YOUR ASSIGNMENT ▸ How do the lines read from the one holding "Color Nep muffler 상품이미지3" through the last line of the listing? Set them down exactly, pictures omitted.

══ DATASET EXCERPT

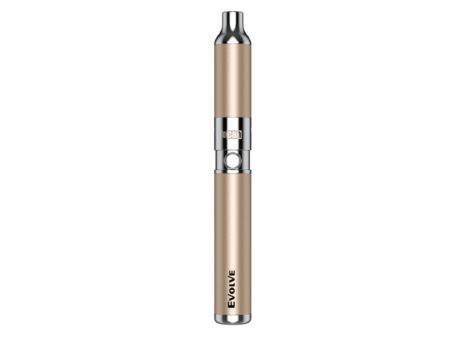 Yocan Evolve Dry Herb Vape Online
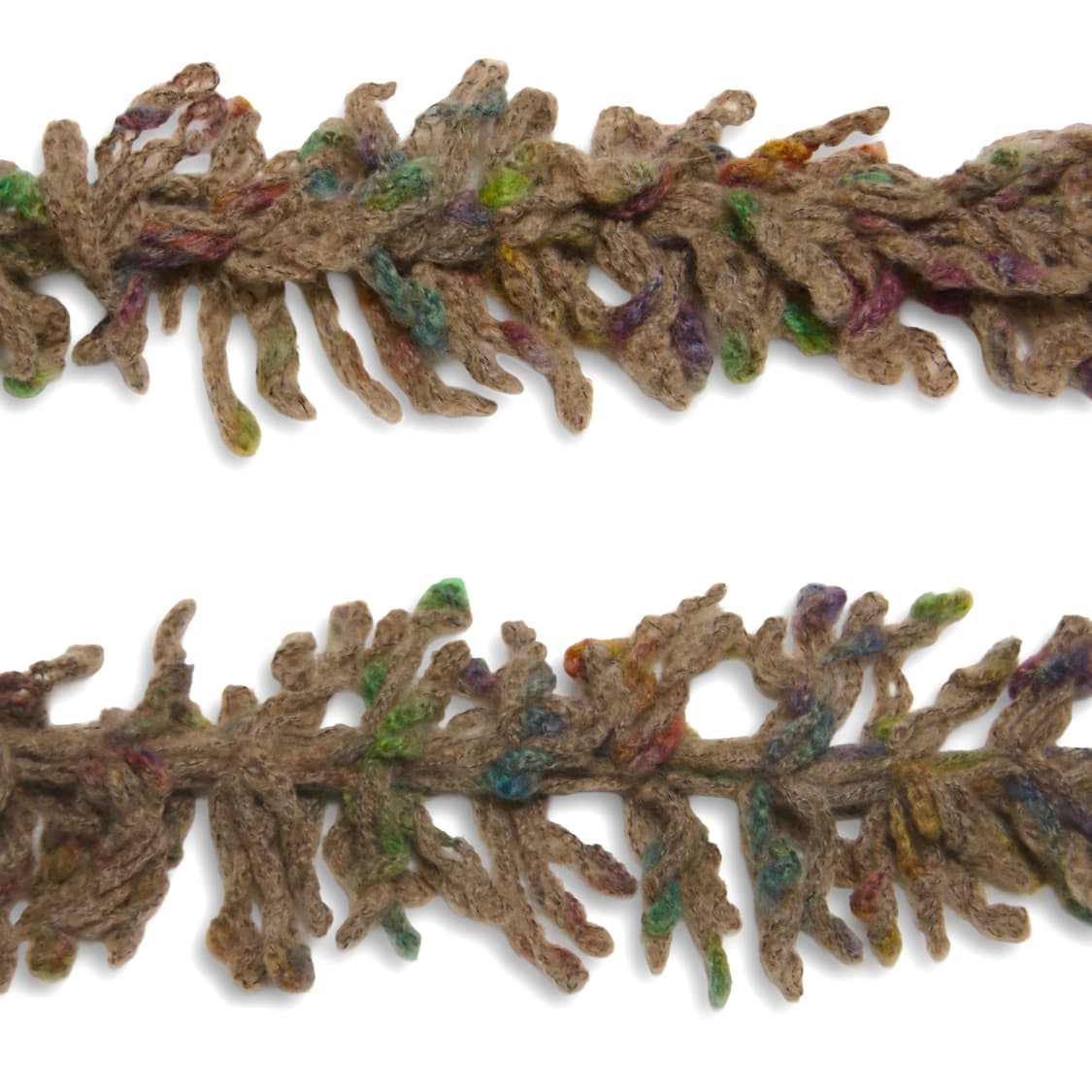 Color Nep muffler 상품이미지3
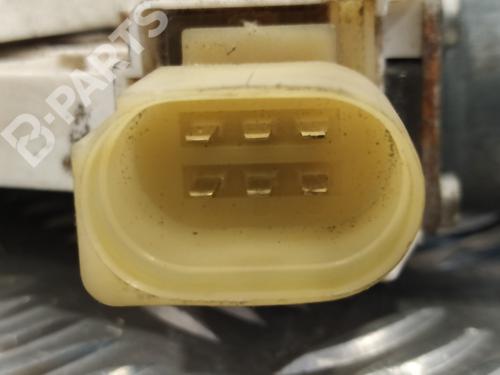 Front left window mechanism BMW 1 (E87) 116 d | BP6422731C22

════

EXERCISE OUTPUT ▸
 Color Nep muffler 상품이미지3
 Front left window mechanism BMW 1 (E87) 116 d | BP6422731C22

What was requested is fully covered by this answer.